▶ **Problem statement**
Below is a listing to repeat exactly, with its pictures left out.

▶ **Working data**
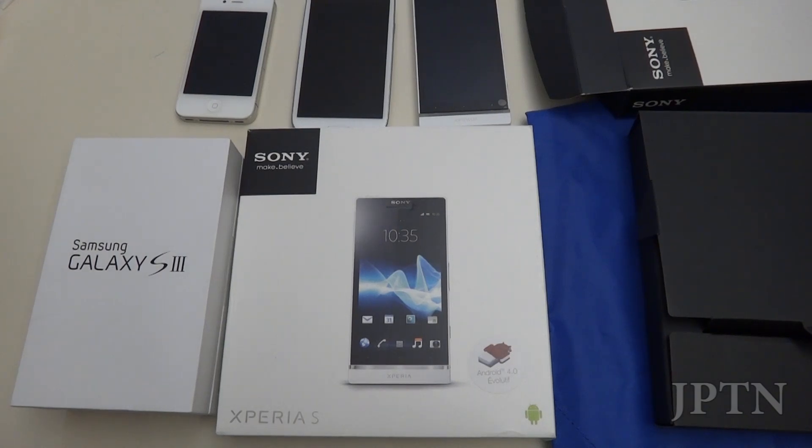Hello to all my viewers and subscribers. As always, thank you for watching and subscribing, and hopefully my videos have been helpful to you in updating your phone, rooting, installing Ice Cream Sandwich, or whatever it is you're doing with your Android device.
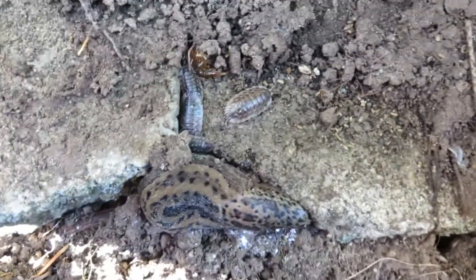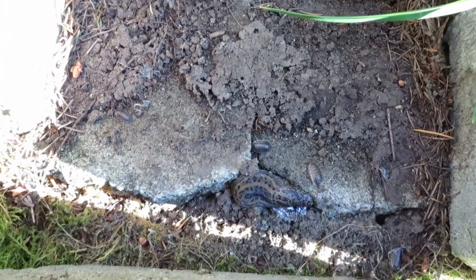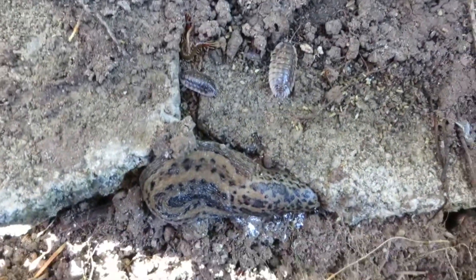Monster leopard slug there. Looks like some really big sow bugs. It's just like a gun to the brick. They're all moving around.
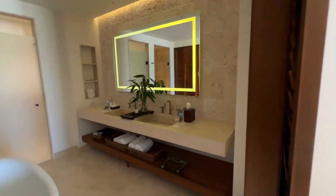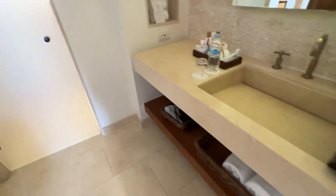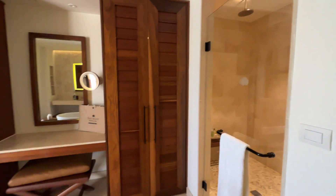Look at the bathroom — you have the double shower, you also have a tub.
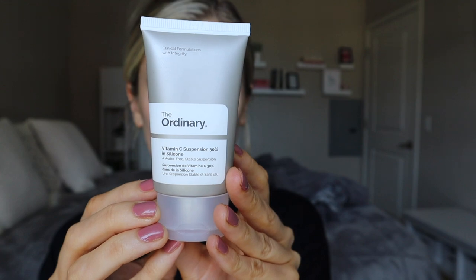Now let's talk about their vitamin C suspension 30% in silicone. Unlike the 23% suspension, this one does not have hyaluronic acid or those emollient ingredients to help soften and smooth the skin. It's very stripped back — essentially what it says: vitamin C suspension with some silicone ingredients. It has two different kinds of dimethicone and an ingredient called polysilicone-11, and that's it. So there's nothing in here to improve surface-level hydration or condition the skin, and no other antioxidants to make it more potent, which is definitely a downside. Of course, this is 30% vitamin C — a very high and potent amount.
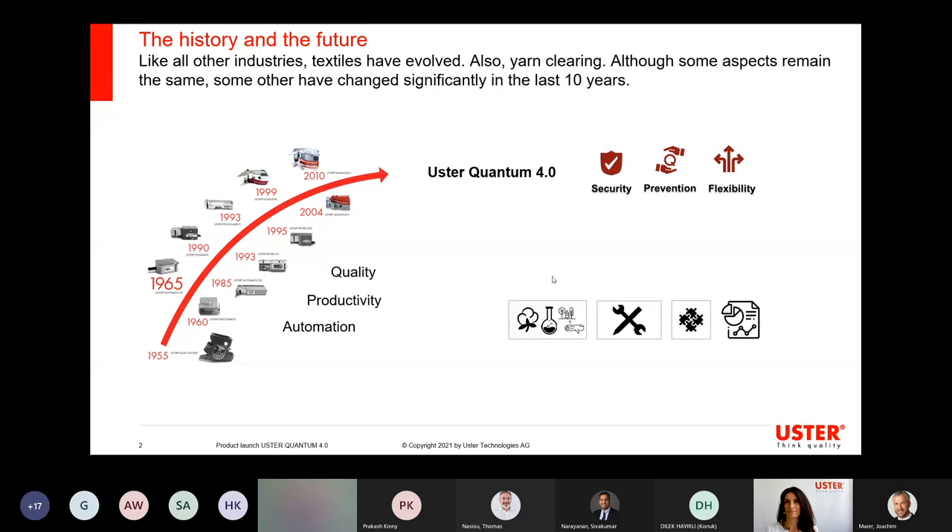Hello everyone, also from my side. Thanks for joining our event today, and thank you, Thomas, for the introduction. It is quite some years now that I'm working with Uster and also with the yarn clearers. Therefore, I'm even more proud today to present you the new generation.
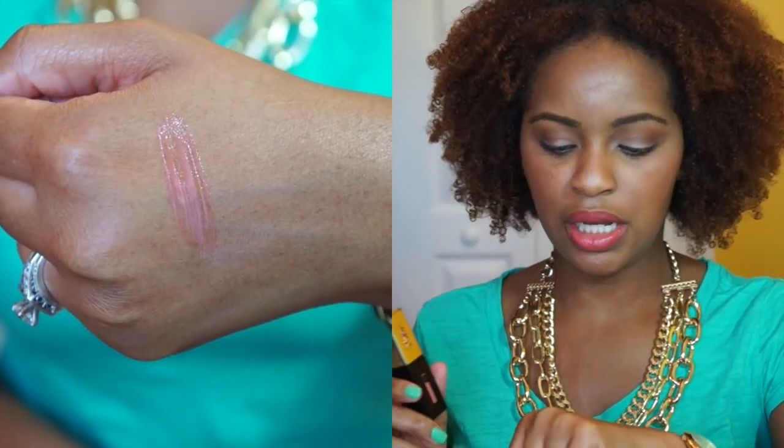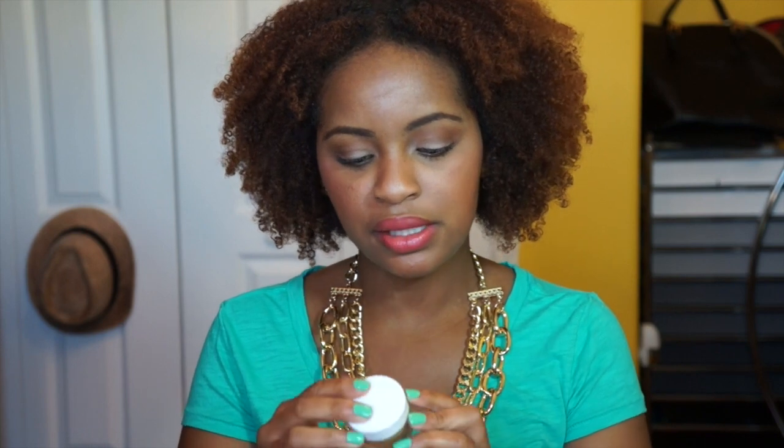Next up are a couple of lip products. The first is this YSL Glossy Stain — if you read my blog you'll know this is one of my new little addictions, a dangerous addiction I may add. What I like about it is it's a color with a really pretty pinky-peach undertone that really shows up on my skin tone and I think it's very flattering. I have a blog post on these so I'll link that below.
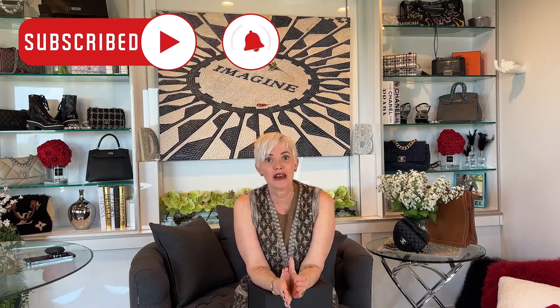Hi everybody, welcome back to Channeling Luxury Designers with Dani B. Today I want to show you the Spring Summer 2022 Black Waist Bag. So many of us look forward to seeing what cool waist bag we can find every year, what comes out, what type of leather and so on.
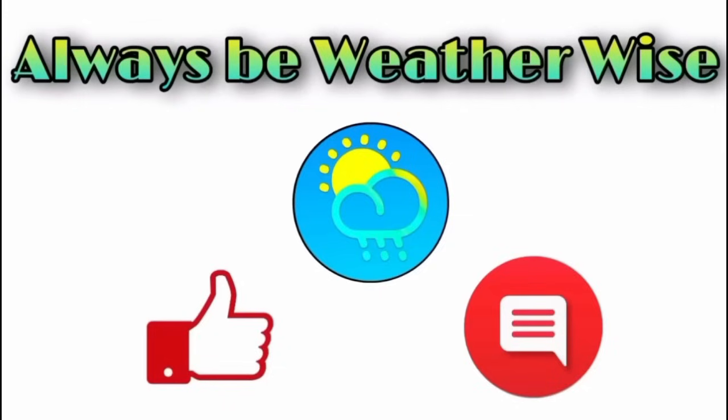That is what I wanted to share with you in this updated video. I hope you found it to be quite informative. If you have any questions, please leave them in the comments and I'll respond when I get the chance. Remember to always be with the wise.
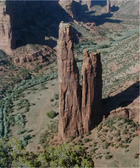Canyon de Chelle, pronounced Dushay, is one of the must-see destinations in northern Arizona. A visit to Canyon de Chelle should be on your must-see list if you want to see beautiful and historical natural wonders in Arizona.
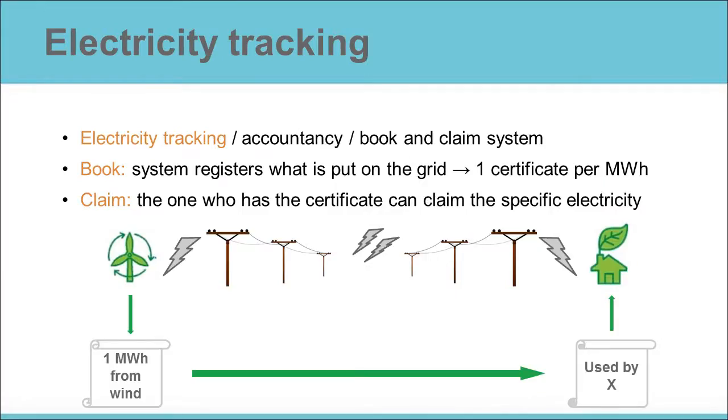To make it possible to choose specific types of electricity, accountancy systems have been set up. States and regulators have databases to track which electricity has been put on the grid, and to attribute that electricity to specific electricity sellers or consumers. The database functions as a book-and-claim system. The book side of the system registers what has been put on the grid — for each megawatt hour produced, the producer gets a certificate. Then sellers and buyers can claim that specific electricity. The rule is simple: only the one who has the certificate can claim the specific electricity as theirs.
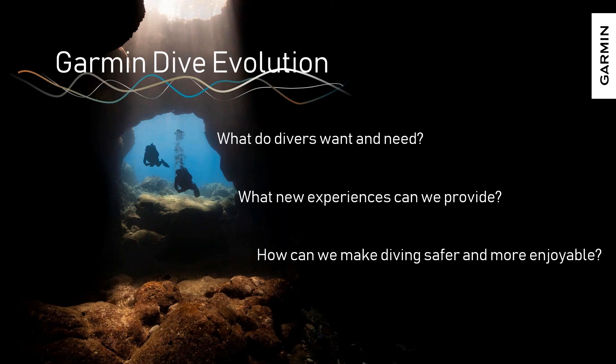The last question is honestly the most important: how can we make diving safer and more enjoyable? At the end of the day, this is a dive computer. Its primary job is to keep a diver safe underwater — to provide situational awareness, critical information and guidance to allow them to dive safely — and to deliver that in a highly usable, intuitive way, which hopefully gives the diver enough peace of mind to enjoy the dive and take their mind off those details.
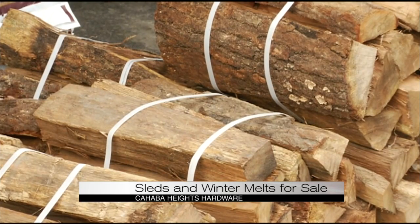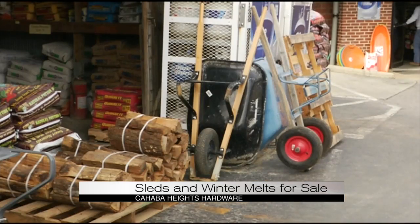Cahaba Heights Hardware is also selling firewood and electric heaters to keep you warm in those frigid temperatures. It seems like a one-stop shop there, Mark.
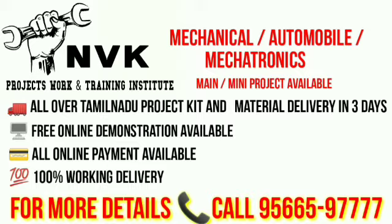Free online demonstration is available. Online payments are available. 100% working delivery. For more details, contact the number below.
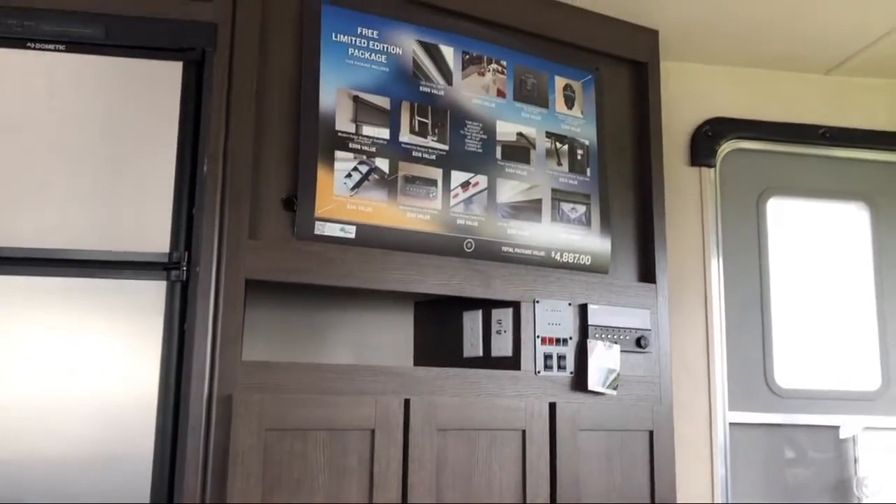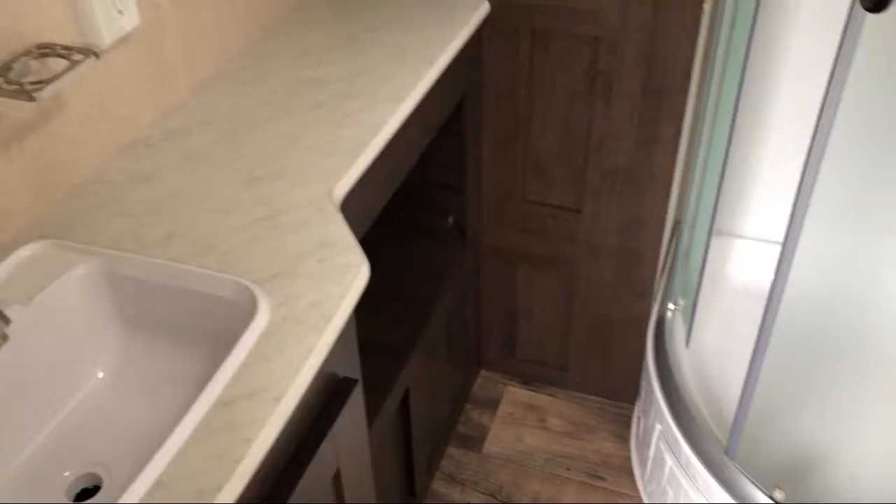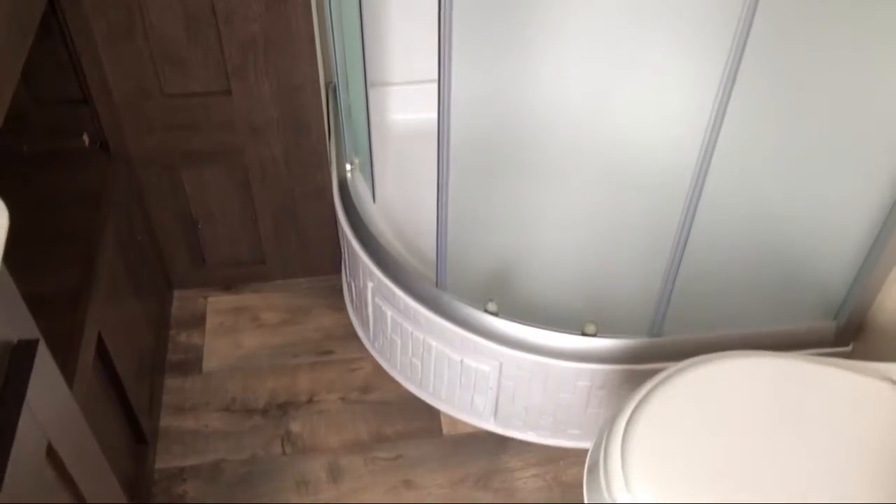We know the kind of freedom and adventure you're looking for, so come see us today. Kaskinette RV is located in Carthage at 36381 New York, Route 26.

▶ **Task output**
Hello to all my viewers and subscribers. As always, thank you for watching and subscribing, and hopefully my videos have been helpful to you in updating your phone, rooting, installing Ice Cream Sandwich, or whatever it is you're doing with your Android device.
Monster leopard slug there. Looks like some really big sow bugs. It's just like a gun to the brick. They're all moving around.
Look at the bathroom — you have the double shower, you also have a tub.
Now let's talk about their vitamin C suspension 30% in silicone. Unlike the 23% suspension, this one does not have hyaluronic acid or those emollient ingredients to help soften and smooth the skin. It's very stripped back — essentially what it says: vitamin C suspension with some silicone ingredients. It has two different kinds of dimethicone and an ingredient called polysilicone-11, and that's it. So there's nothing in here to improve surface-level hydration or condition the skin, and no other antioxidants to make it more potent, which is definitely a downside. Of course, this is 30% vitamin C — a very high and potent amount.
Hello everyone, also from my side. Thanks for joining our event today, and thank you, Thomas, for the introduction. It is quite some years now that I'm working with Uster and also with the yarn clearers. Therefore, I'm even more proud today to present you the new generation.
Next up are a couple of lip products. The first is this YSL Glossy Stain — if you read my blog you'll know this is one of my new little addictions, a dangerous addiction I may add. What I like about it is it's a color with a really pretty pinky-peach undertone that really shows up on my skin tone and I think it's very flattering. I have a blog post on these so I'll link that below.
Hi everybody, welcome back to Channeling Luxury Designers with Dani B. Today I want to show you the Spring Summer 2022 Black Waist Bag. So many of us look forward to seeing what cool waist bag we can find every year, what comes out, what type of leather and so on.
That is what I wanted to share with you in this updated video. I hope you found it to be quite informative. If you have any questions, please leave them in the comments and I'll respond when I get the chance. Remember to always be with the wise.
Canyon de Chelle, pronounced Dushay, is one of the must-see destinations in northern Arizona. A visit to Canyon de Chelle should be on your must-see list if you want to see beautiful and historical natural wonders in Arizona.
To make it possible to choose specific types of electricity, accountancy systems have been set up. States and regulators have databases to track which electricity has been put on the grid, and to attribute that electricity to specific electricity sellers or consumers. The database functions as a book-and-claim system. The book side of the system registers what has been put on the grid — for each megawatt hour produced, the producer gets a certificate. Then sellers and buyers can claim that specific electricity. The rule is simple: only the one who has the certificate can claim the specific electricity as theirs.
The last question is honestly the most important: how can we make diving safer and more enjoyable? At the end of the day, this is a dive computer. Its primary job is to keep a diver safe underwater — to provide situational awareness, critical information and guidance to allow them to dive safely — and to deliver that in a highly usable, intuitive way, which hopefully gives the diver enough peace of mind to enjoy the dive and take their mind off those details.
Cahaba Heights Hardware is also selling firewood and electric heaters to keep you warm in those frigid temperatures. It seems like a one-stop shop there, Mark.
Free online demonstration is available. Online payments are available. 100% working delivery. For more details, contact the number below.
We know the kind of freedom and adventure you're looking for, so come see us today. Kaskinette RV is located in Carthage at 36381 New York, Route 26.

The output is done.